Doch trotz dieser enormen Mittelaufwendung und der kontinuierlich hohen westlichen Hilfen konnte die Ukraine in Sachen Militärausgaben gerade mal mit Russland gleichziehen. Um weiter dranzubleiben, müssten die Mittel daher auch in Zukunft in gleicher Höhe fließen.

Die Gewinnabschöpfung von eingefrorenen russischen Vermögen in Europa, wie sie von der EU vor einem Monat beschlossen wurde, wird wenig dazu beitragen können. Denn pro Jahr sind es höchstens vier bis fünf Milliarden, die dabei nach Schätzungen herausspringen.

Zugleich sind damit eine Reihe von möglichen Kollateralschäden verbunden, die den Europäern teuer zu stehen bekommen könnten, von kostspieligen Rechtsstreitigkeiten über russische Gegenmaßnahmen bis zum Vertrauensverlust in das westliche Bankensystem und westliche Währungen.

Russland rüstet auf

Tatsächlich braucht es aber sogar noch mehr Geld für die Ukraine als bisher, um von Moskau nicht abgehängt zu werden. Denn Russland will den Wehretat weiter erhöhen, wie das Friedensforschungsinstitut Sipri meldet.

Russlands Militär- und Kriegsausgaben werden nach den neuen Haushaltsplänen für 2024 bis 2026, die Präsident Wladimir Putin am 27. November 2023 unterzeichnet hat, im Jahr 2024 stark ansteigen, so Sipri. Mit circa 140 Milliarden Dollar würden die geplanten Militärausgaben im laufenden Jahr real um 29 Prozent höher liegen als 2023, was 7,1 Prozent des Bruttoinlandsprodukts (BIP) und 35 Prozent der gesamten Staatsausgaben entspricht.

Die Ukraine müsste für dieses Jahr demnach noch zusätzlich 30 Milliarden Euro mobilisieren und danach die jährlichen Militärausgaben an die russischen nach oben anpassen, also auf 140 Milliarden Dollar. Doch danach sieht es nicht aus. Im Gegenteil. So erklärt Christoph Trebesch, Vorsitzender des Ukraine Support Trackers:

Das neue US-Hilfspaket sieht wichtige Mittel für die militärische Unterstützung der Ukraine vor. Die Versprechen für die Ukraine sind jedoch im Vergleich zu früheren Gesetzesentwürfen relativ gering, und die Auszahlung der Hilfe scheint bisher nur langsam voranzukommen.

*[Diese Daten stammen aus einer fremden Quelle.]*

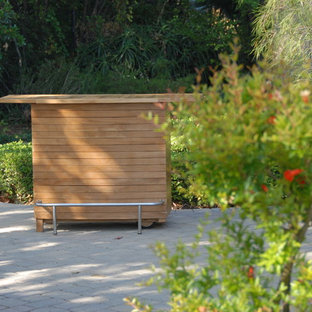 Esempio di un patio o portico design di medie dimensioni e dietro casa con pavimentazioni in pietra naturale e nessuna copertura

Die Bilanz nach mehr als zwei Jahren Krieg

Dabei enthielten die neuen Hilfen aus den USA und Europa keine Komponenten, die für die von der Ukraine angeforderten Luftabwehrsysteme dringend benötigt werden. Es bestehe nach wie vor, so die Tracker-Studie, eine große Diskrepanz zwischen den der Ukraine zur Verfügung gestellten wichtigen Teilen wie Trägerraketen für diese Systeme und den Beständen der Geberstaaten.

Und dann muss man sich nüchtern anschauen, was die Gelder bisher erzielt haben. Nach über zwei Jahren Krieg sieht es für die Ukraine auf dem Schlachtfeld nicht nur nicht gut aus, sondern düster.

Anstatt mit Offensiven die russische Armee zurückzudrängen, verliert man mehr und mehr Territorium. Russland konnte dabei seine größeren materiellen und personellen Ressourcen bei den Streitkräften nutzen, um langsam Fortschritte zu machen.

Nun wird sogar von westlichen Geheimdiensten prognostiziert, dass Kiew bis Ende des Jahres noch "deutlich größere Gebietsverluste" erleiden könnte.